Indonesia’s Bappebti, also known as Commodity Futures Trade Regulatory Agency, has considered levying a tax on all cryptocurrency transactions taking place on regulated exchanges within the country.
It has been reported by The Phnom Penh Post that currently, thirteen cryptocurrency exchanges fall under Bappebti’s regulatory oversight, and the tax would be automatically applied by these platforms should it be approved.
Sidharta Utama, the head of Bappebti, said:
“It is currently [undergoing] internal review at Bappebti, then we will coordinate with the BKF.”
He added that the actual tax rate had not yet been decided. The BKF refers to Indonesia’s Fiscal Policy Agency.
However, regulatory activity in Indonesia surged during the past six months as Bitcoin (BTC) and the wider cryptocurrency market soared to new all-time highs (ATHs).
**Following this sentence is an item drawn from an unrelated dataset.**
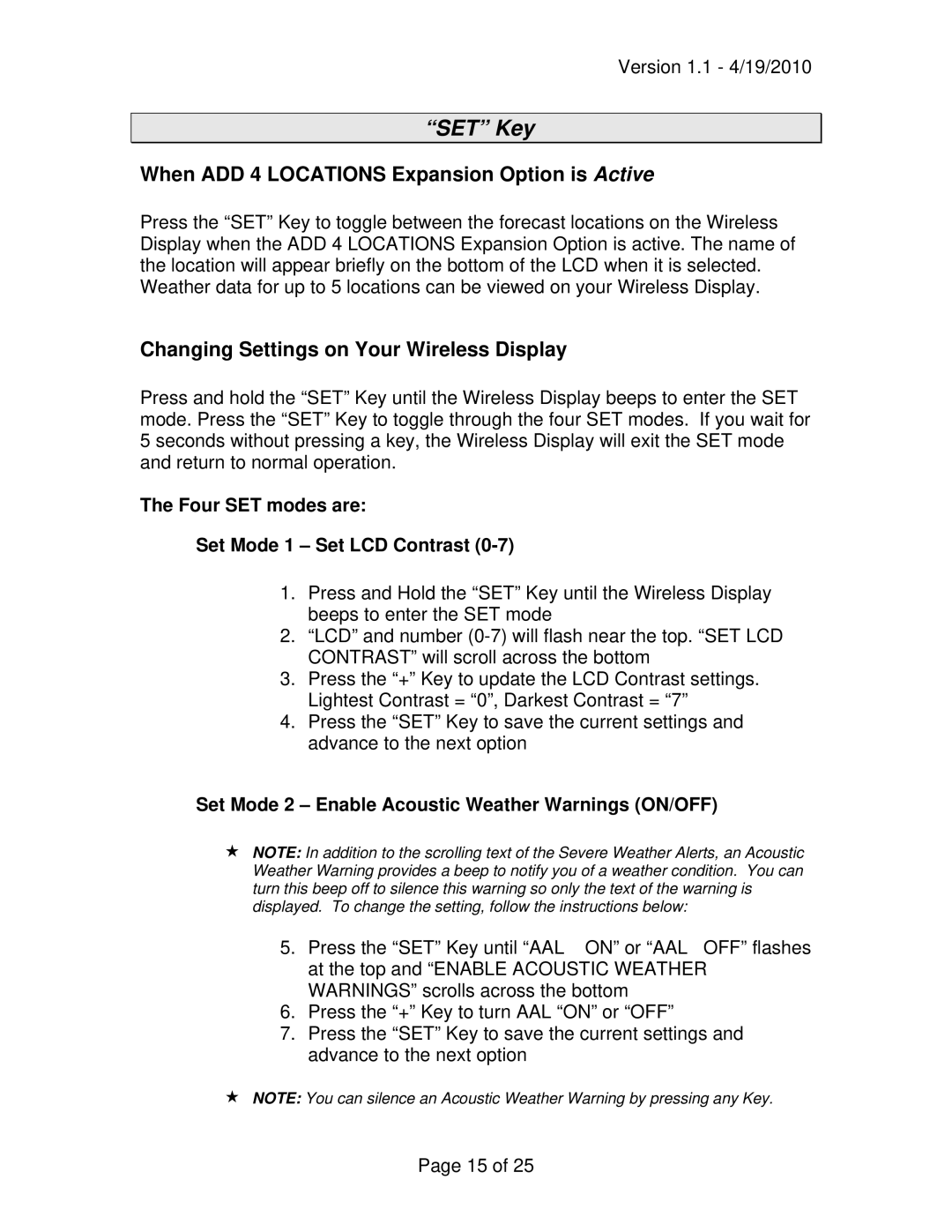 La Crosse Technology WD-9535 owner manual SET Key, When ADD 4 Locations Expansion Option is Active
In December 2020, Bappebti issued a regulation recognizing an initial 229 cryptocurrencies as legally tradable commodities, while leaving the door open for traders to suggest adding new coins to the list. In February, the agency identified 13 trading platforms that it recognized as licensed entities.
The report said that Indonesia originally warned against the use of cryptocurrencies as a means of payment in 2014 and, by 2017, had introduced legislation that demanded fintech companies register with the Bank of Indonesia to ensure they weren’t using cryptocurrencies in payment systems.
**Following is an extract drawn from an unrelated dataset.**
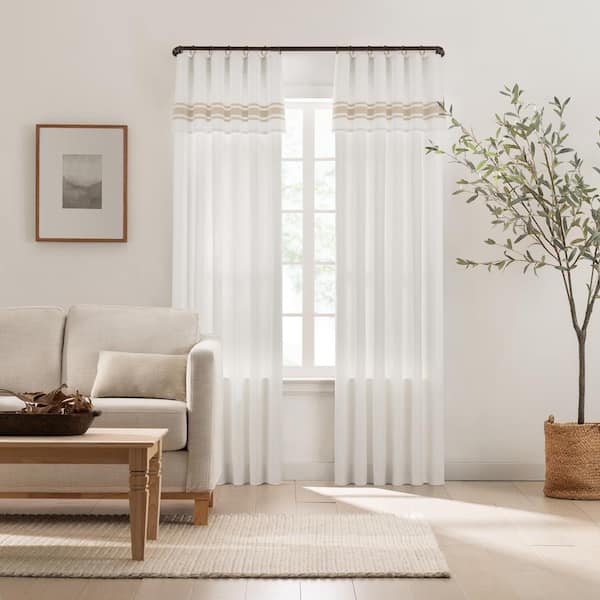 Mercantile Drop Cloth Linen Cotton Stripe 50 in. W x 95 in. L Ring Top Tab Light Filtering Curtain (Single Panel)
Teguh Kurniawan, the Chairman of the Indonesian Crypto Asset Traders Association, said that the group he represents proposed a tax rate of 0.05% by adding that a high tax rate could push people toward illegal channels when purchasing cryptocurrencies.
Thus, Kurniawan said:
“To date, there has been no feedback on the type of tax. We hope the tax rate will not be too high, [or] we fear that investors may turn to investing in crypto [assets] through illegal channels, which would be harmful.”